Dataset extract:
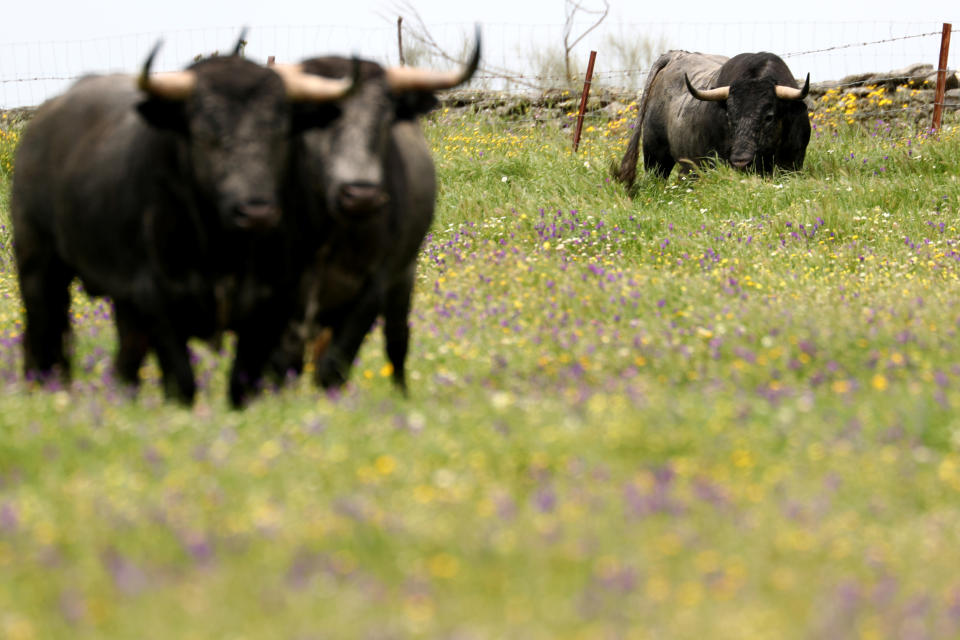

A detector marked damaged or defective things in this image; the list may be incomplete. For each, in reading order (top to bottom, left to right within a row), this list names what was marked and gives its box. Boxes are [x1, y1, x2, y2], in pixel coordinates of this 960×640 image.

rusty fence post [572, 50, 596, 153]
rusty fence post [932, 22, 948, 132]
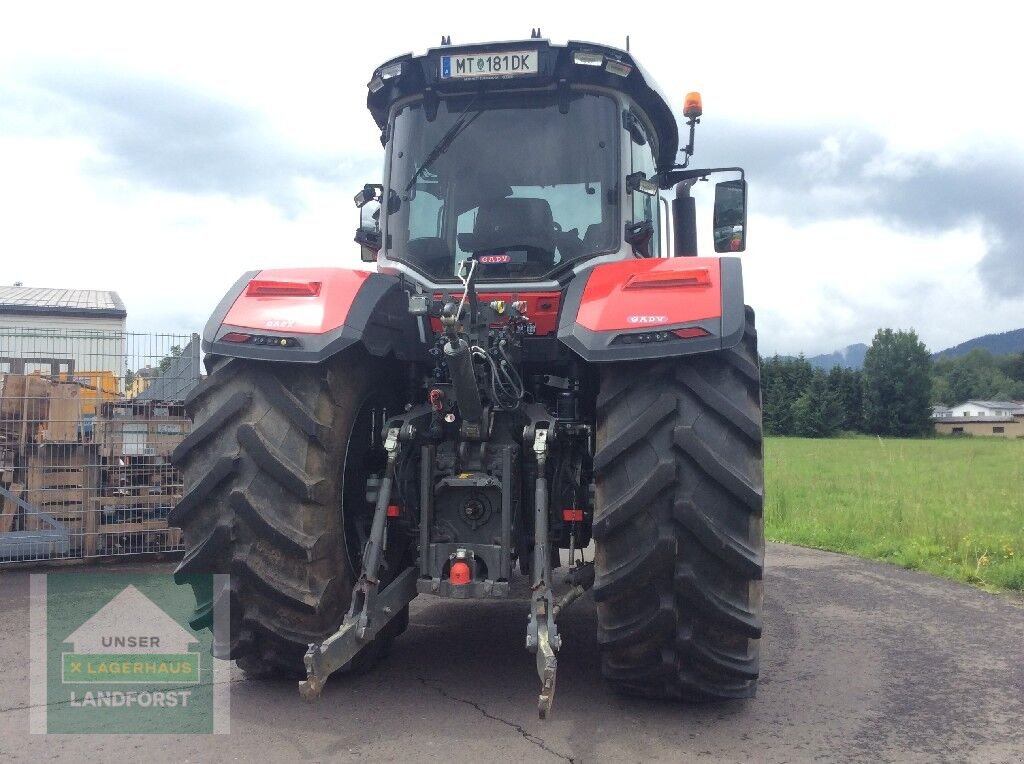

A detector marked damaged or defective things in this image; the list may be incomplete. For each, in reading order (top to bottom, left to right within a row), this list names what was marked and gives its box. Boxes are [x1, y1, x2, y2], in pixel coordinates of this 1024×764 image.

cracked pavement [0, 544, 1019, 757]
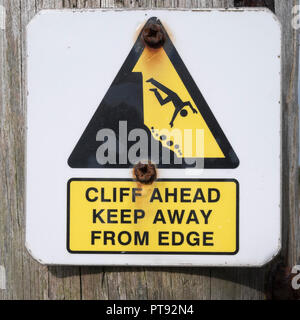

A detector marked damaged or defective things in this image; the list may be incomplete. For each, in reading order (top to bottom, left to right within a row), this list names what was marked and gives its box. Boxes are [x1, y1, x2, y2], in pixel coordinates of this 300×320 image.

Required action: Word for word, repeat the data above with the pictures left out.

Task output:
A detector marked damaged or defective things in this image; the list may be incomplete. For each, in reading order (top to bottom, left to right within a row), this list names what was marked and gives its box. Boxes are [x1, y1, x2, y2], in pixel coordinates of this 960×640 image.

rusty fence post [572, 50, 596, 153]
rusty fence post [932, 22, 948, 132]

A detector marked damaged or defective things in this image; the list may be incomplete. For each, in reading order (top to bottom, left to right within a row), this list names what was marked and gives its box. Boxes are [x1, y1, x2, y2], in pixel coordinates of this 1024×764 image.

cracked pavement [0, 544, 1019, 757]

A detector marked damaged or defective things in this image; the list may be incomplete. For each, in reading order (top to bottom, left to right within a row), this list names what was marked and gives its box. Boxes are [x1, y1, x2, y2], in pixel coordinates of this 300×320 image.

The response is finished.